If he's not required for the Windies and does have his ankle tidied up then Gillespie reckons he'll start his own newspaper.

After that, his goal will be to become the greatest wicket-taker in the history of New Zealand's first-class competition.

The 34-year-old has taken 333 for his beloved Firebirds which, as the honours board above his seat in the Basin Reserve dressing room constantly reminds him, leaves him trailing Evan Gray (357) and Ewen Chatfield (403) as Wellington's third-most successful bowler.

He's adamant both can be overhauled, with the added bonus that when he makes it to 404 he'll have taken more wickets for one province than any New Zealand bowler.

Gillespie's first priority, though, is being on that plane to the Caribbean in just over a month.

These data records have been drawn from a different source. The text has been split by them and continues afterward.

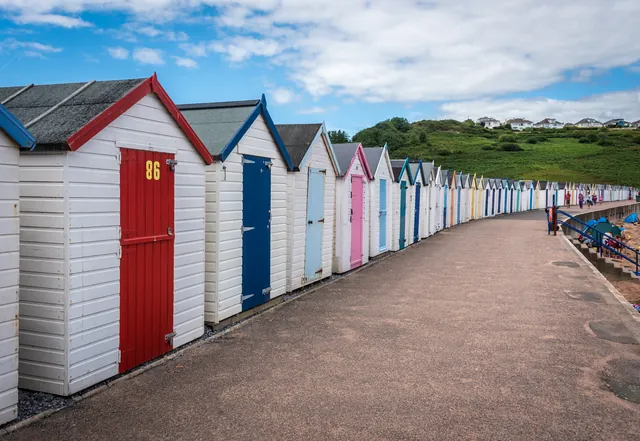 Colourful beach huts at Broadsands
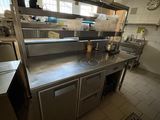 an image of a commercial kitchen with stainless steel counter tops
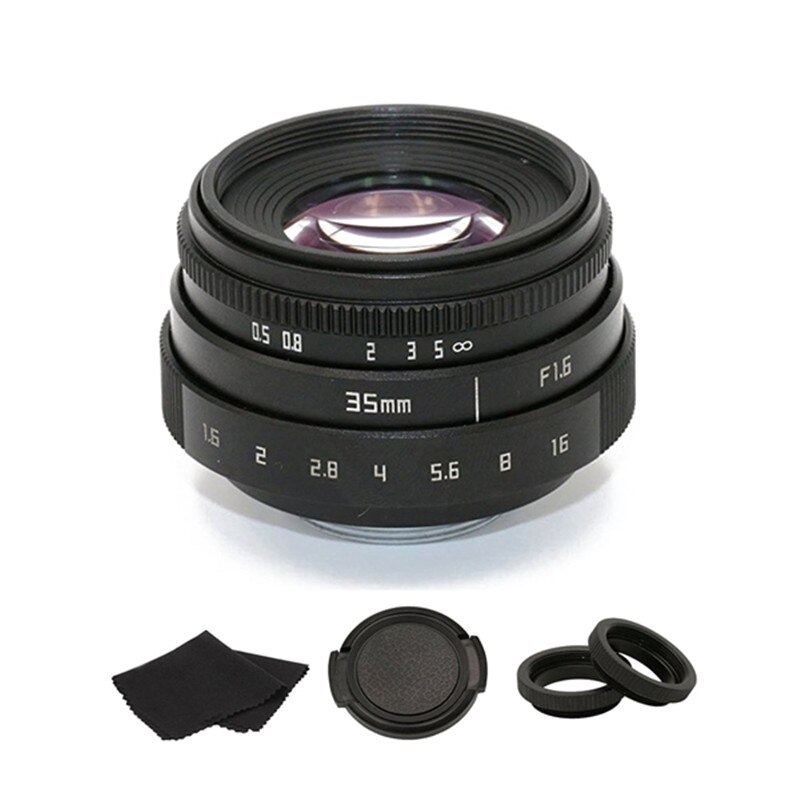 Mini 35Mm F1.6 APS-C Televisie Tv Lens/Cctv Lens Voor 16Mm C Mount Camera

New Zealand took five fast bowlers on last year's two winter tours to England and Bangladesh, in Tim Southee, Trent Boult and Neil Wagner, Doug Bracewell and himself. Bracewell won't be picked, while Gillespie's 42 wickets were the most by any bowler in this summer's Plunket Shield.

"I don't feel there's any more I could've done so, to be honest, if I'm not involved in this tour I'll be pretty peeved off," Gillespie said.

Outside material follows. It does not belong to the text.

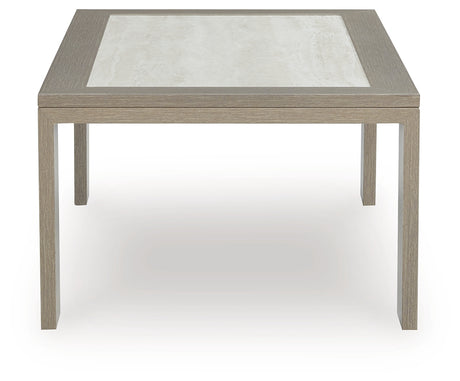 Kimpton Isle Brown Outdoor Coffee Table side view highlighting powder-coated finish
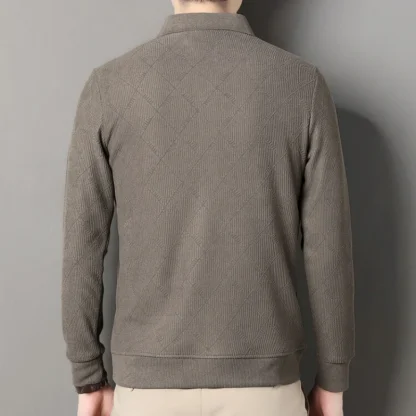 Thickened Blank Polo Shirt with Long Sleeve - Image 2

He feels he can't be far away, having been placed on standby by the selectors for New Zealand's test against India at the Basin Reserve in February.

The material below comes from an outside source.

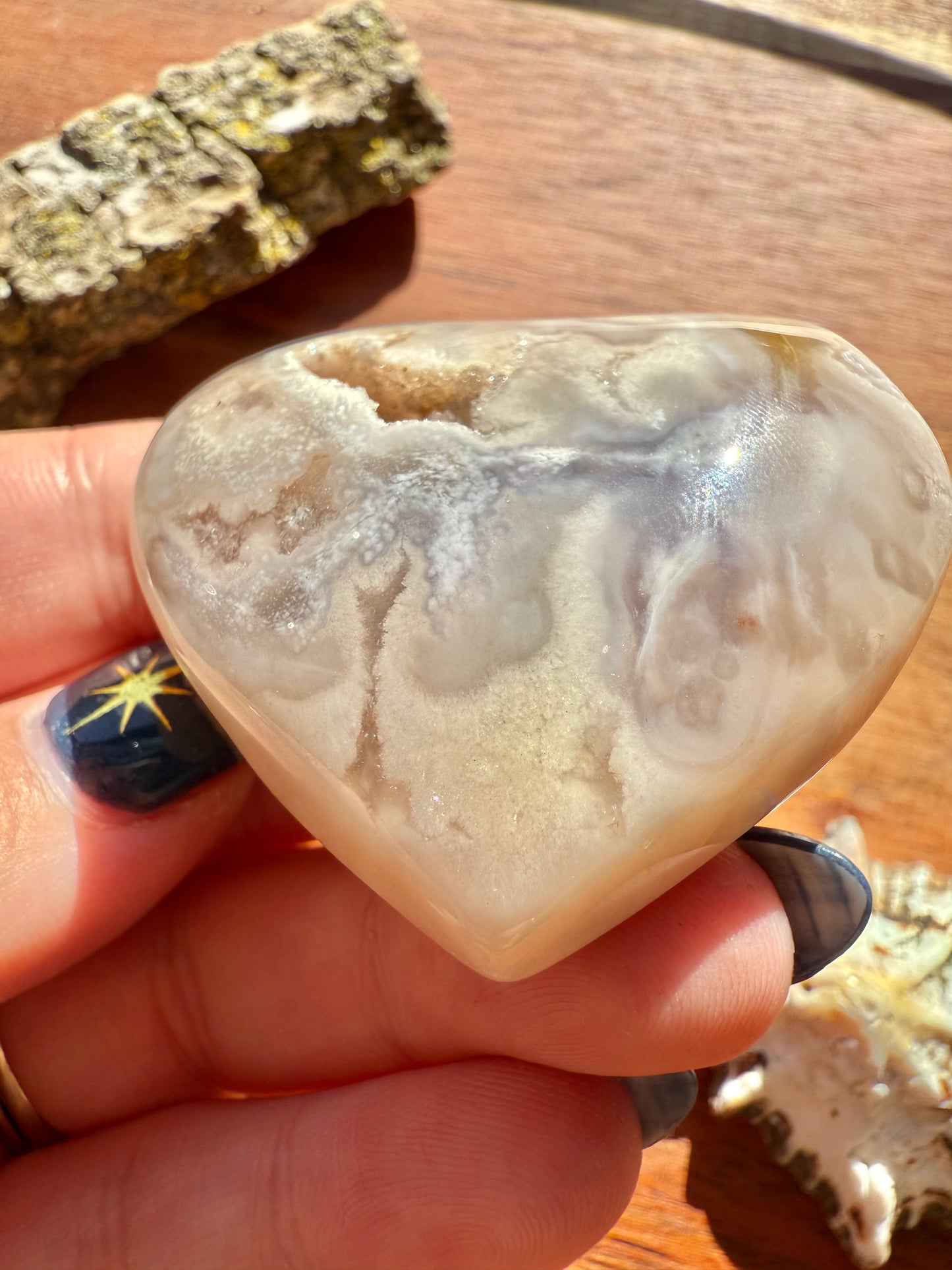 PINK AMETHYST + FLOWER AGATE HEART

That Gillespie took 42 wickets was a feat. He injured his ankle in the first game of the season and hobbled on thereafter. He'd wear a moon boot between games, then push through the pain barrier when it came time to bowl.

"It was all worth it to get through the season and win something along the way," he said.

It had been 10 years since Wellington had won a domestic trophy, with Gillespie, James Franklin, Jeetan Patel and Luke Woodcock the survivors from back then who just about crushed Luke Ronchi to death after he broke that title drought in Saturday's 50-over final.

"Luke [Ronchi] said that, even if the final had been his first game for the team, he would've known who'd been around for that whole 10 years just from the way guys hugged him at the end. He said there were four of us that felt a lot different, like it just meant that much more to us."

The Plunket Shield had been the one Gillespie wanted to win. For him, it's in first-class cricket that you prove your real worth.

If he can get another four-day title in the coming seasons, and surpass Chatfield, then he'll have a good reply to the people who once said he was too brittle in mind and body to be a good Firebird.

His team-mates tell him he'll need at least two summers to get to 404, but he fancies doing it sooner.

"The last two seasons I've taken 40-odd wickets and they've just been mediocre seasons so, for me, 70 wickets is one good season. Then I put it back on them and say ‘if you guys could catch I would've already got there'," he said.

The other running gag is how Gillespie might celebrate the milestone, assuming his body holds up long enough.

"I've joked that when I get the 404th wicket for Wellington, I'm just going to take my cap [from the umpire] and walk off."

Never to play again? We'll have to wait and see.